Michael Cooke, the son of Michael Cooke and Mary Carter, was baptised in Otterton, in the south of Devon, in 1707. Michael's brother George was buried at Otterton in 1790, and although his baptism is not recorded there, George's will clearly supports the Otterton connection. In his will dated 27 July 1788 he writes, "In the Name of God Amen I George Cooke formerly of Otterton, but now of Saint Giles in the County of Devon Mariner..." George owned property in the Parishes of Langtree and Topshaw as well as at Paradise in Newfoundland. George requested that "I desire to be buried in Otterton Church Yard as near to my late wife as ___ may be." George also had a watch which he bequeathed to his grandnephew, also named George.
Michael Cooke most likely moved to St Giles in the Wood at the request of Henry Rolle, later Baron Rolle of Stevenstone, and took up occupancy of East Dodscott as a yeoman farmer.
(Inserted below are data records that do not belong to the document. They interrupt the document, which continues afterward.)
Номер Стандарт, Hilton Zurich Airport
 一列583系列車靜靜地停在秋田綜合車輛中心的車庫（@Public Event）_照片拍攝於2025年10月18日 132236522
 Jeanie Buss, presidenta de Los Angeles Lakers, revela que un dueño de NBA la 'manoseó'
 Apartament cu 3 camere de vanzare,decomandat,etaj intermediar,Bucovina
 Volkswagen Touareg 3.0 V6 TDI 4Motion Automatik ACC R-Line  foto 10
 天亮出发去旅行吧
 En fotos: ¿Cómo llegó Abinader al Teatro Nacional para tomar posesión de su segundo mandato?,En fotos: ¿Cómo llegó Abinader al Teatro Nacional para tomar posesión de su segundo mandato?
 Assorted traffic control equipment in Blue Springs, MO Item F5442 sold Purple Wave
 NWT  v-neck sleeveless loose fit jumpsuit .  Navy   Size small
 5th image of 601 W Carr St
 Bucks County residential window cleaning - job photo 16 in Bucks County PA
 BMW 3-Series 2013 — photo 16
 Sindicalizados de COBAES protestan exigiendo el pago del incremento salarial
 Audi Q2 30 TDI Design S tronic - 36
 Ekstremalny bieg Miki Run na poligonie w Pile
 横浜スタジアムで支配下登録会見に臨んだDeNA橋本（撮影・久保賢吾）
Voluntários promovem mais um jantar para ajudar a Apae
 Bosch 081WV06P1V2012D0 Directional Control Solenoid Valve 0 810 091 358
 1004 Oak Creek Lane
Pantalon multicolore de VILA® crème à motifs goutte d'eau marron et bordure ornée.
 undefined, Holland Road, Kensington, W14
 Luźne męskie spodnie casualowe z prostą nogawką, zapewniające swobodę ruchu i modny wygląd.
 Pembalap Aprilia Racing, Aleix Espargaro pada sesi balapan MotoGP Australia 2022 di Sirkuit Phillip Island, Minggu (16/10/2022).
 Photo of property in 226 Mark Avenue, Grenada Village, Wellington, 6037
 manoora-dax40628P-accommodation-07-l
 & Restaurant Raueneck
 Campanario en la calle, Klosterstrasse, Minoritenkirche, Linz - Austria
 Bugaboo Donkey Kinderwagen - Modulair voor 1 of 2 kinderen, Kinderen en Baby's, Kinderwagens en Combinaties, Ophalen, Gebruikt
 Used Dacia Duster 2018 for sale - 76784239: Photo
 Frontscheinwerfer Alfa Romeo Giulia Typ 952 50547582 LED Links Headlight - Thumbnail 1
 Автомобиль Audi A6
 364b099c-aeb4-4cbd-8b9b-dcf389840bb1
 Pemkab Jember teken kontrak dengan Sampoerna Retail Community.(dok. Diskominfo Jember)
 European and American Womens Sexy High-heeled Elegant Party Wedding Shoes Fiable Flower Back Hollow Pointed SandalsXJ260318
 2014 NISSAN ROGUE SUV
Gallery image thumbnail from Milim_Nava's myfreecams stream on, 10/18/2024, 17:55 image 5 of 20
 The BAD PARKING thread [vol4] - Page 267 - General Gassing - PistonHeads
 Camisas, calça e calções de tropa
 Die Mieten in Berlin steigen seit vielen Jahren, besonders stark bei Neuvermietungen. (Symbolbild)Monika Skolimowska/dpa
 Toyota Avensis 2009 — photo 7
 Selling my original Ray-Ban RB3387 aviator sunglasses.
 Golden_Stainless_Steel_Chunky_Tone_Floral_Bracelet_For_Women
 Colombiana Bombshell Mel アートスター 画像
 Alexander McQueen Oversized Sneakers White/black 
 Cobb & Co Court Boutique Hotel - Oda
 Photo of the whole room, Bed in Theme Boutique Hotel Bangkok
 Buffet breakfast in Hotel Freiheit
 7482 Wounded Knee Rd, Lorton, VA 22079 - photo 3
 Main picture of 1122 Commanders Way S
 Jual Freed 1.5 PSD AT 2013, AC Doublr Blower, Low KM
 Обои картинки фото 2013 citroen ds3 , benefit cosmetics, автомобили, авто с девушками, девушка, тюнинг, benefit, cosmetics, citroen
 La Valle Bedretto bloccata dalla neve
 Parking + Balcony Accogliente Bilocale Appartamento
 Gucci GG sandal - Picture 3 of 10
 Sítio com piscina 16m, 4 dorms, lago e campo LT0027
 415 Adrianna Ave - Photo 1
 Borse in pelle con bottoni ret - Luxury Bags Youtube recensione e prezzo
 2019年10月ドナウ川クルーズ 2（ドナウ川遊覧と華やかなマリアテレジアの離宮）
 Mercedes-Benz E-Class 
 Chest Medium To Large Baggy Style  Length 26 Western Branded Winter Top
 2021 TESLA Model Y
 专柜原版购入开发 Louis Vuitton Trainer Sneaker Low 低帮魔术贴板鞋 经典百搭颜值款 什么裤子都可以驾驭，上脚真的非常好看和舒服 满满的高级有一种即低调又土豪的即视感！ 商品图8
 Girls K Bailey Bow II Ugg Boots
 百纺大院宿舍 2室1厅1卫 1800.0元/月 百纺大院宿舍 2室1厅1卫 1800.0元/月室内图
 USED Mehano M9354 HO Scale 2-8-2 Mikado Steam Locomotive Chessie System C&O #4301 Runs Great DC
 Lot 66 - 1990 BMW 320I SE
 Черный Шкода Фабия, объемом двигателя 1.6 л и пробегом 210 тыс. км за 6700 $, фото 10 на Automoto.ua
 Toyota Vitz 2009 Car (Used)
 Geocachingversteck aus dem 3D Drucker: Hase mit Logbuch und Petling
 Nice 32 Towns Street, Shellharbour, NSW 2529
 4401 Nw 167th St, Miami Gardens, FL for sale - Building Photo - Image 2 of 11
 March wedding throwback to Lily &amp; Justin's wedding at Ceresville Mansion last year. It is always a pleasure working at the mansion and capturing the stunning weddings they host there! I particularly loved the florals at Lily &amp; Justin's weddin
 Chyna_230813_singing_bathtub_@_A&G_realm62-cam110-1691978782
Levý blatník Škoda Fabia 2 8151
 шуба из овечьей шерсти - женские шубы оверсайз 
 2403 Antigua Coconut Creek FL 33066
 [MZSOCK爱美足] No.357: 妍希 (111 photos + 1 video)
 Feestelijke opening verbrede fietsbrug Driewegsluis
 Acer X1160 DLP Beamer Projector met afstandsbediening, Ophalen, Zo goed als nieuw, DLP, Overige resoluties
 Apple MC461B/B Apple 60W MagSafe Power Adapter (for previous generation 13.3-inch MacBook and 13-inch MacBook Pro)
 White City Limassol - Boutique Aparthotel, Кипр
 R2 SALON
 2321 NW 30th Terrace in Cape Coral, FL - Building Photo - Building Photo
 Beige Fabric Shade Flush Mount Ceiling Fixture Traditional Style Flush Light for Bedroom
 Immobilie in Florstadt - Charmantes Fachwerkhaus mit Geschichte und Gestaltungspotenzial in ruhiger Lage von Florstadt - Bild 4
His daughter Rebecca married William Snell of South Dodscott in 1761 and they had numerous children. Michael's daughter Mary married Thomas Loveband of Yarnscombe in 1767 but they did not have any children.
Dodscott is listed as Dodecota in the Domesday Book. It was acquired by George Rolle of Stevenstone in the 16th century and was formerly the home of Thomas Chafe whose effigy can be found inside the church at St Giles in the Wood. The East Dodscott farmhouse is a listed building described as a 16th century farmhouse with major 17th century improvements.
|Three gravestones at St Giles in the Wood|
After Michael Cooke's death, occupancy of East Dodscott transferred to his son George. George married Elizabeth "Betty" Walkey, daughter of John Walkey, in December 1777 at Great Torrington. In 1783, George purchased Langley Barton in High Bickington for £1935 but did not take up residency until 1788. George and Betsy both died in 1821 and were buried inside the church of St Giles in the Wood. Unfortunately, their ledger stone is now badly worn and very little of the inscription can be read.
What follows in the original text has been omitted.